Hacker News new | past | comments | ask | show | jobs | submit login
Executable PNGs (djharper.dev)
236 points by todsacerdoti on Dec 26, 2020 | hide | past | favorite | 39 comments



In my own system, Octo[0], I encode programs and their metadata in a similar steganographic fashion in GIF files[1]. As others have noted here, both GIF and PNG offer extension mechanisms and ways to embed "comments", but popular image-sharing sites universally re-encode images and discard this data. The advantage of GIF over PNG (for my purposes) is that I store an arbitrary payload in a fixed-looking image by creating additional frames of animation.
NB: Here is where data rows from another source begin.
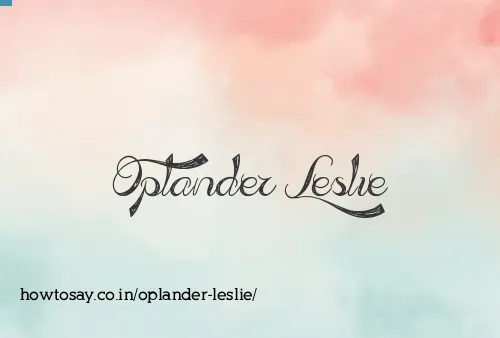 Oplander Leslie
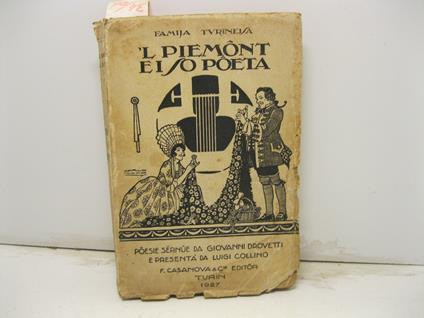 L Piemont e i so Poeta. Poesie sernue da Giovanni Drovetti e presenta' da L. Collino - Giovanni Drovetti - copertina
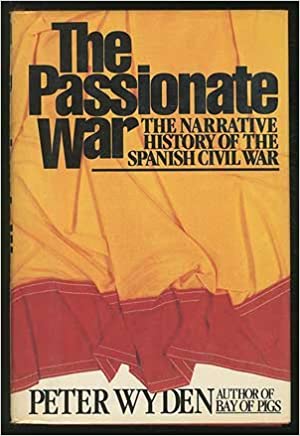 Seller image for The Passionate War: The Narrative History of the Spanish Civil War for sale by zenosbooks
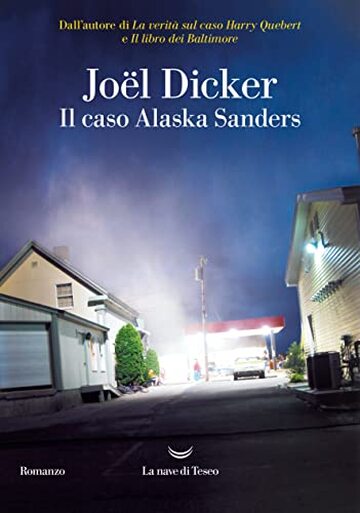 Il caso Alaska Sanders (Marcus Goldman Vol. 3)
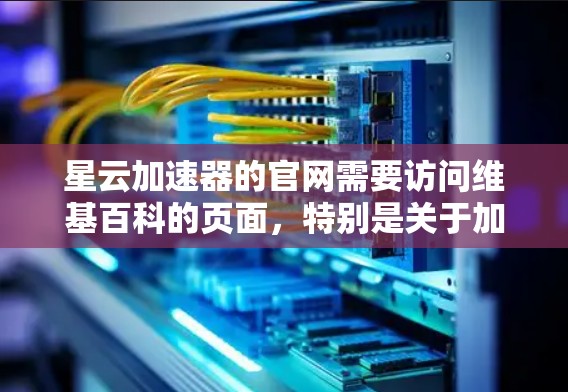 星云加速器的官网需要访问维基百科的页面，特别是关于加速器的技术细节和用户评价页面。以下是详细的步骤和信息
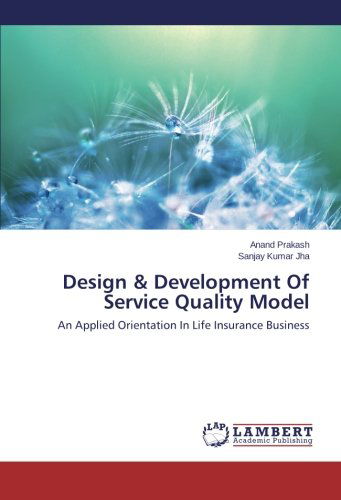 Cover for Sanjay Kumar Jha · Design &amp; Development of Service Quality Model: an Applied Orientation in Life Insurance Business (Paperback Book) (2013)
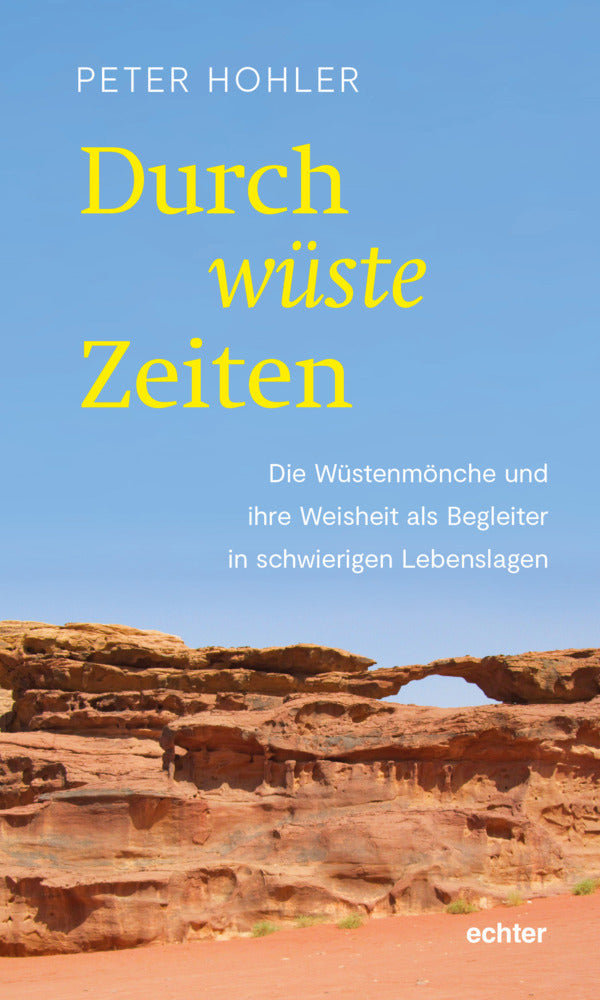 Durch wüste Zeiten (Peter Hohler)
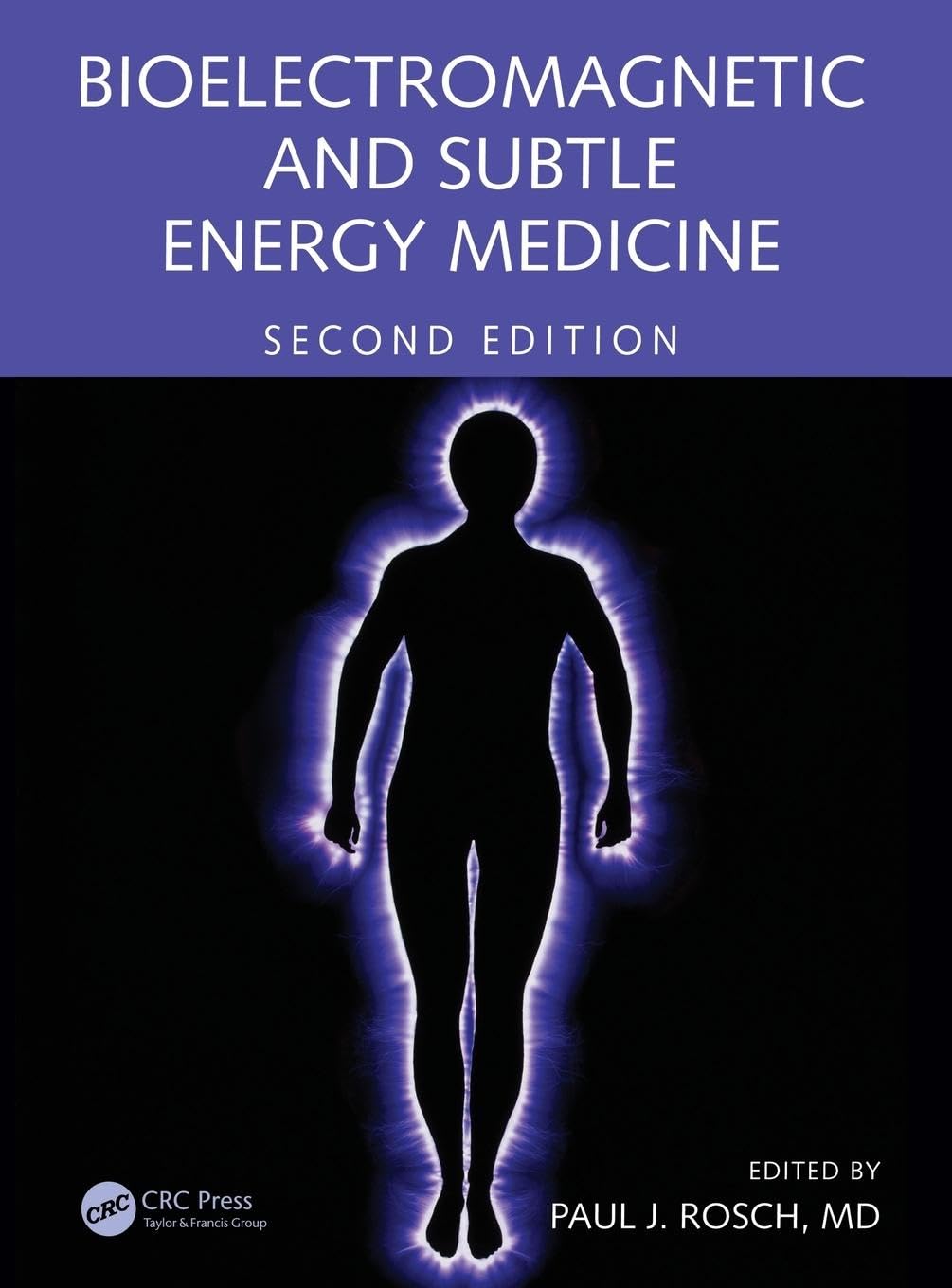 Bioelectromagnetic and Subtle Energy Medicine 2nd Edition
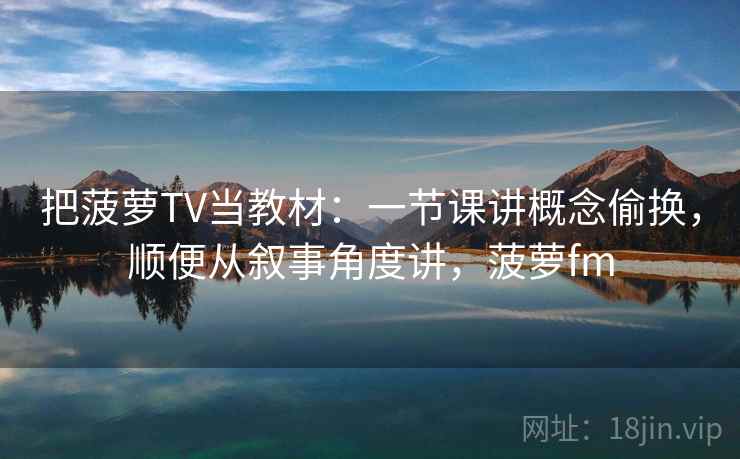 把菠萝TV当教材：一节课讲概念偷换，顺便从叙事角度讲，菠萝fm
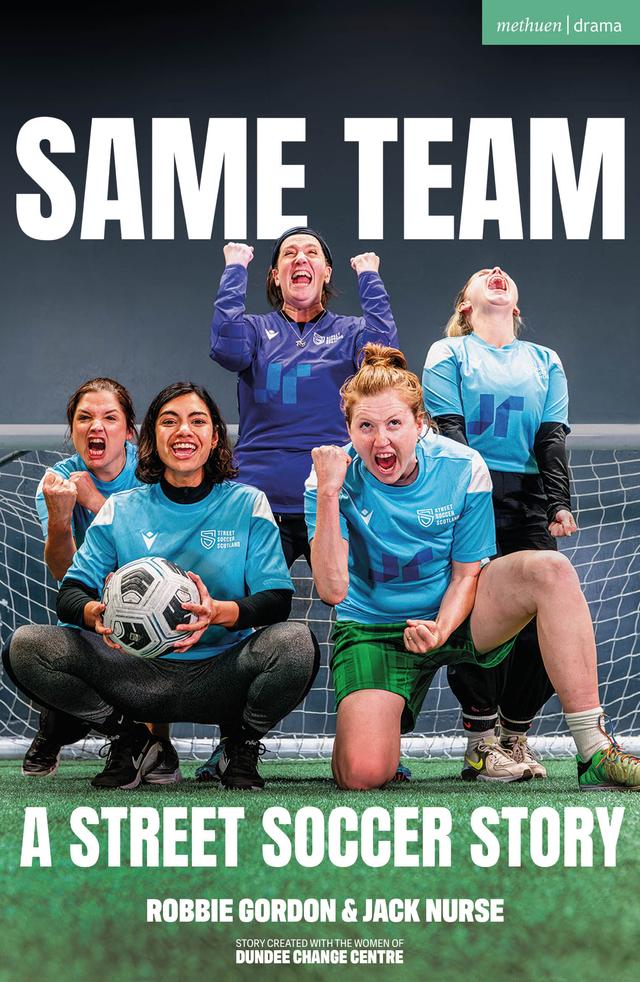 Same Team — A Street Soccer Story by Jack Nurse, Robbie Gordon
In the past, I've also used a different technique- if you simply concatenate a PNG onto a JAR (which is really just a ZIP archive) you end up with a file that acts like a PNG unless you change the extension to JAR, in which case it acts like a Java executable. This works because the PNG header is at the beginning of the file, while the ZIP header is at the end. Nowadays, though, desktop Java is pretty much dead, so it's a less exciting party trick.

[0] https://github.com/JohnEarnest/Octo

[1] https://github.com/JohnEarnest/Octo/blob/gh-pages/js/sharing...


> In the past, I've also used a different technique- if you simply concatenate a PNG onto a JAR (which is really just a ZIP archive) you end up with a file that acts like a PNG unless you change the extension to JAR, in which case it acts like a Java executable. This works because the PNG header is at the beginning of the file, while the ZIP header is at the end. Nowadays, though, desktop Java is pretty much dead, so it's a less exciting party trick.

It was a common party trick for the reasons you outlined on image boards: you could smuggle small-ish zip files as long as the board made the original file available as-is somehow by concatenating the image (usually jpeg) and zip.


Author here, hello.

The post glosses over some aspects of the implementation, for example to fit some executables into an image you can optionally compress the data with gzip and encode that instead

It also supports encoding at two-bit and four-bit levels but obviously the grain starts becoming apparent in the output images

Also it puts a 40 byte or so "header" in the encoded output so the decoder can see how many bytes to read up to, validate a hash and check a magic. It's a bit basic but it's enough to get it to work.

Anyway this was fun, thanks for reading!


> It also supports encoding at two-bit [...] levels

Excellent! That was going to be my question after having just read the blog post and comments. Nice work!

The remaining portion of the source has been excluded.